Open JoshuaSBrown opened this issue 8 months ago • 5 comments

PR Description

This PR addresses several memory bugs discovered in the common library and the core server. Though the source code coverage is not exhaustive, it should significantly reduce the need to restart the core server. The main source of error and of bugs is related first to the absence of virtual destructors in derived classes that contain unique_ptrs. By not including them, the base destructor was being called which was failing to cleanup the memory. In addition, cleanup of the ZeroMQ context was addressed. A special note, the ZeroMQ context should be the same when using INPROC and otherwise it is better if it is different for TCP connections to avoid thread contention.

Tasks

  • [x] - A description of the PR has been provided, and a diagram included if it is a new feature.
  • [x] - Formatter has been run
  • [ ] - CHANGELOG comment has been added
  • [x] - Labels have been assigned to the pr
  • [x] - A reviwer has been added
  • [x] - A user has been assigned to work on the pr
  • [ ] - If new feature a unit test has been added

Summary by Sourcery

Address memory leaks in the core server and common library by enforcing virtual destructors and scoped ZeroMQ context management, while enhancing the test suite with Protobuf teardown and enabling valgrind-based memory tests via new CMake options.

New Features:

  • Add ENABLE_MEMORY_TESTS option and integrate valgrind-based memory tests in CMake

Bug Fixes:

  • Fix memory leaks by adding virtual destructors to key interfaces and classes
  • Ensure proper cleanup of ZeroMQ contexts to eliminate context leaks

Enhancements:

  • Introduce InprocContext for shared INPROC ZeroMQ context management with reference counting
  • Update ZeroMQCommunicator (and secure variant) and ProxyBasicZMQ to use InprocContext for context lifecycle

Build:

  • Add CMake flags and conditional memory test targets for valgrind leak detection

Tests:

  • Add global BOOST_GLOBAL_FIXTURE for ProtobufLibrary shutdown in multiple unit tests

JoshuaSBrown avatar May 13 '25 18:05 JoshuaSBrown

Reviewer's Guide

This PR refactors ZeroMQ context management by introducing an InprocContext for scheme-based creation and cleanup, adds missing virtual destructors across core interfaces and classes to ensure proper resource release, integrates global Protobuf shutdown fixtures in unit tests to prevent library leaks, updates CMake test configurations to support optional valgrind-based memory tests, and enhances error handling during ZeroMQ socket initialization.

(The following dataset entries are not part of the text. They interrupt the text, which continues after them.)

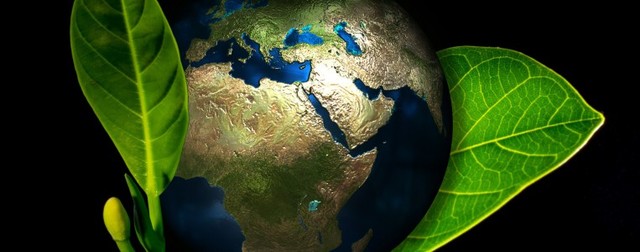 Preocupaciones sobre el medio ambiente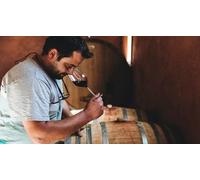 Cap Adrénaline Visite dégustation au sein d'un domaine viticole à Saint-Gilles près de Nîmes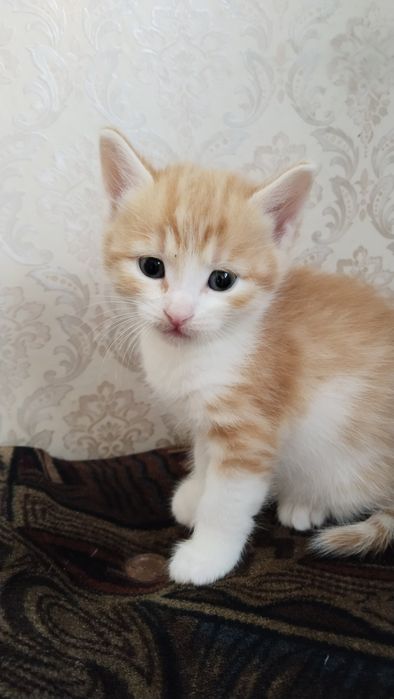 Отдам котенка в хорошие руки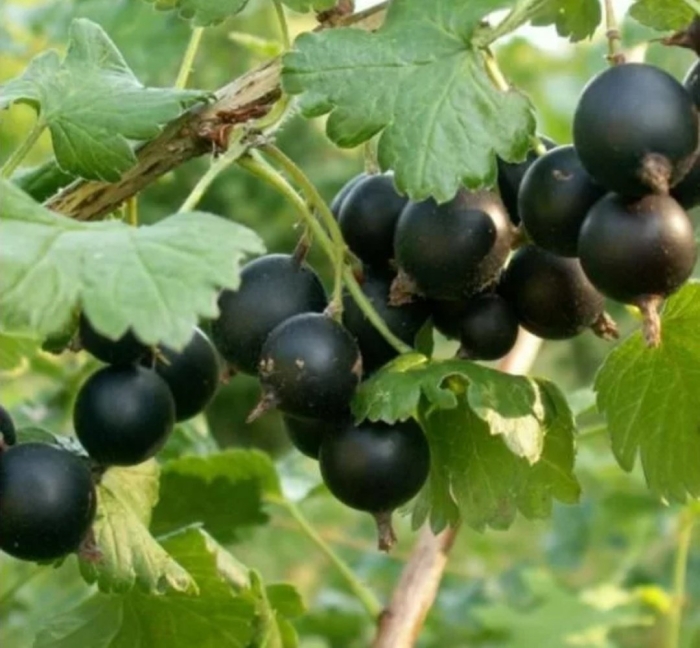 Йошта описание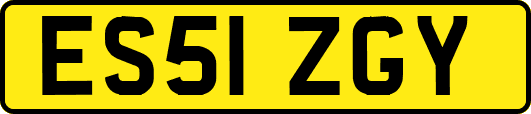 ES51ZGY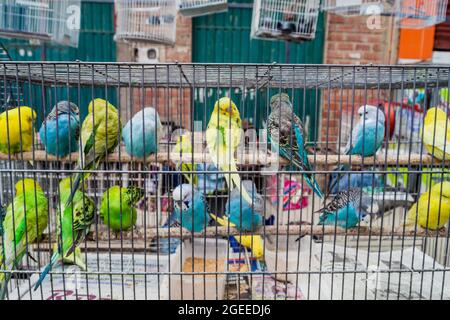 EL ALTO, BOLIVIEN - 23. APRIL 2015: Papageien in einem Käfig zum Verkauf auf einem Markt in El Alto, Bolivien. Stockfoto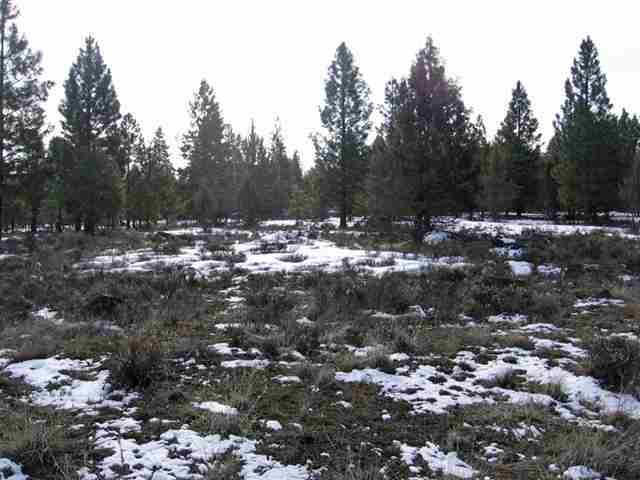 Misty Mountain - Land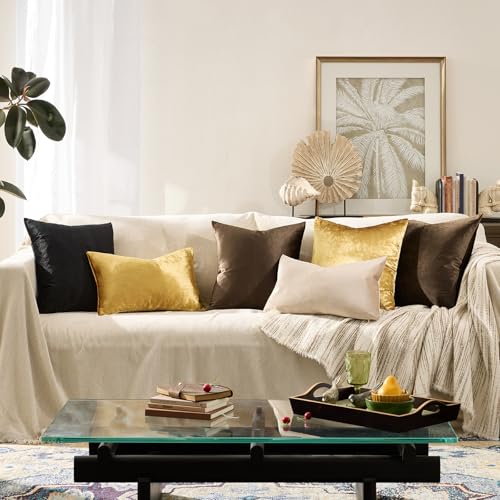 Brown Velvet Pillow Covers 18x18 Decorative Pillows Pack of 2 (Brown / 18" x 18" (Pack of 2))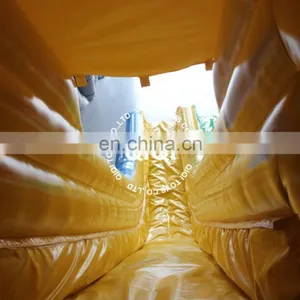 Giant Inflatable Rainbow Water Slide With Pool for Adult and Kids thumbnail-4
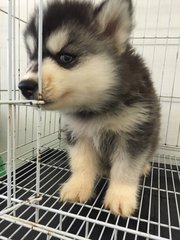 Wooly Husky Bi Eye - Siberian Husky Dog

Sequence Diagram: ZeroMQ INPROC Context Lifecycle

sequenceDiagram
    title "Sequence Diagram: ZeroMQ INPROC Context Lifecycle"
    participant Comm as ZeroMQCommunicator
    participant InprocCtx as InprocContext

    Comm->>InprocCtx: getContext()
    activate InprocCtx
    Note over InprocCtx: Returns shared context (creates if null)
    InprocCtx-->>Comm: context_ptr
    deactivate InprocCtx

    Comm->>InprocCtx: increment()
    activate InprocCtx
    Note over InprocCtx: Increments usage counter
    InprocCtx-->>Comm: 
    deactivate InprocCtx

    Note over Comm: Communicator operates...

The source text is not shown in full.